I’ve been doing some research on the RBS recruitment process and thought I’d share my findings! Do feel free to add anything else you’ve found.
There are four parts to the application process:
- Application form and online testing
This is fairly standard. Contact details, education, work history, that sort of thing. Make sure you articulate why you want to work in that role at RBS, and get ready for the online test.
The online test has three parts and is quite similar to many other corporate online tests.
Situational judgement: this presents some real world scenarios and asks you to respond. RBS say what they’re mainly testing here is how closely you align to their values, so bear those in mind. They are: serving customers, working together, doing the right thing, and thinking long term. Try to reflect those in how you handle the situations – put the customer first, don’t be a lone wolf, keep a strong moral compass, and don’t leap for a short term grab.

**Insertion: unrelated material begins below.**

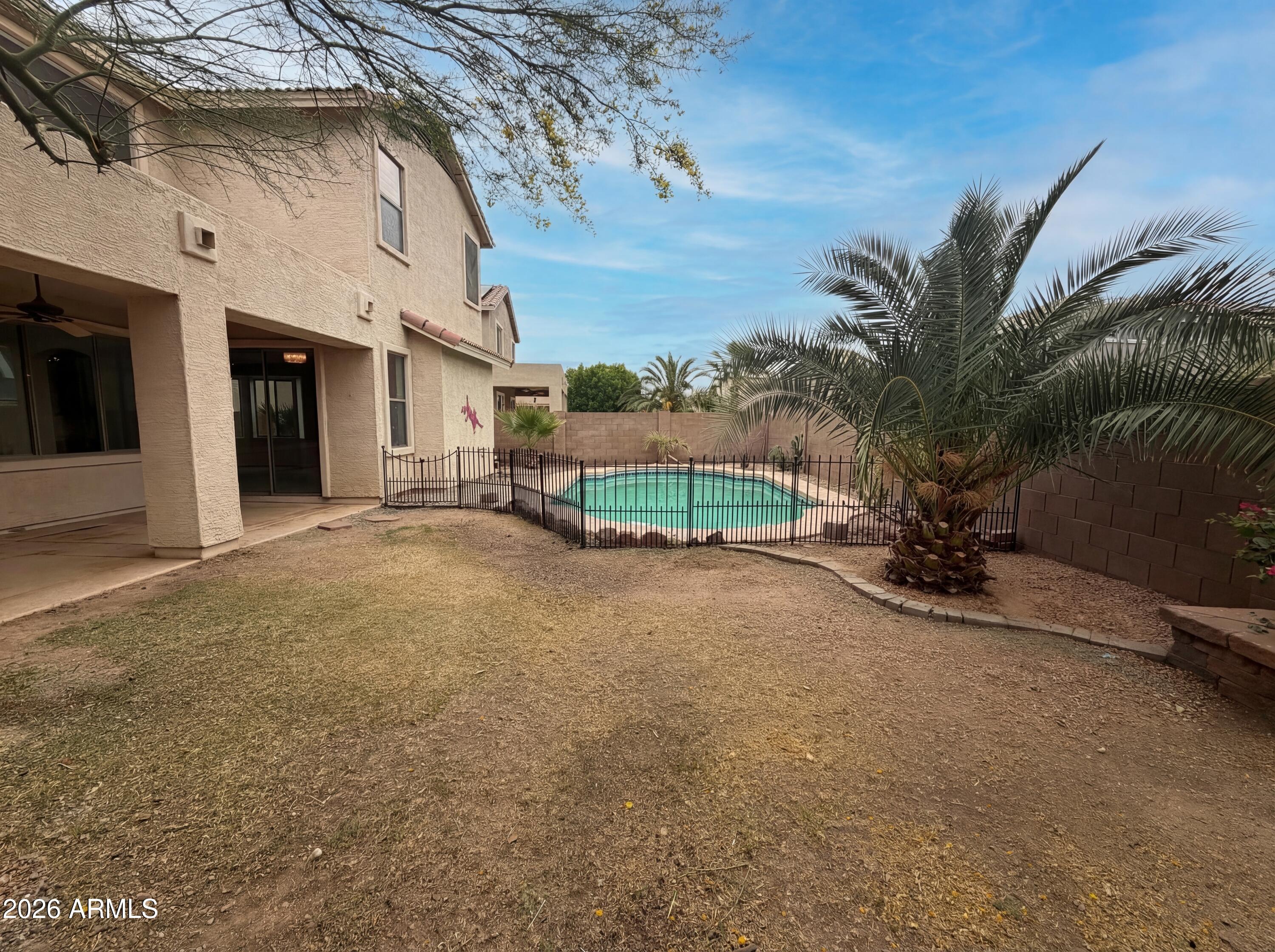 25703 West Crown King Road Buckeye, AZ 85326 - Photo 5 of 23 listing_4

Logical and numerical: these parts will have you working with data and statistics and so will test your technical skills. Look up the kind of things you’ll need to do in the role and brush up on your maths and you should be fine. Like with many of these, you can practice by looking up SHL tests.
- Phone interview
If you do well enough in the online tests and your application form all checks out, you should be invited to a phone interview. This lasts around 45-60 minutes and they’ll ask about your motivations, your skills, your strengths, and so on. It seems they tend to save the tougher and more technical questions for the final interviews. Get down the basic facts about RBS, know your CV and, again, make sure you know RBS’s core values. If they like you, you’ll be invited to the assessment centre where the real fun begins.
- Assessment centre
The assessment centre will test the full gauntlet of skills. You will be put into groups of around 5-10 people and given a task. An example I’ve found is being asked to launch a mobile app. This involved discussing the features to be included, its advantages and disadvantages, what risks it might bring, who should be involved, and so on. They could give you anything, but be prepared to talk in a group about all the relevant factors for a new business venture.
You might also have to give a presentation to a senior manager that sums up the group discussion. This will test how well you can see the bigger picture, and how you can translate group work into your own.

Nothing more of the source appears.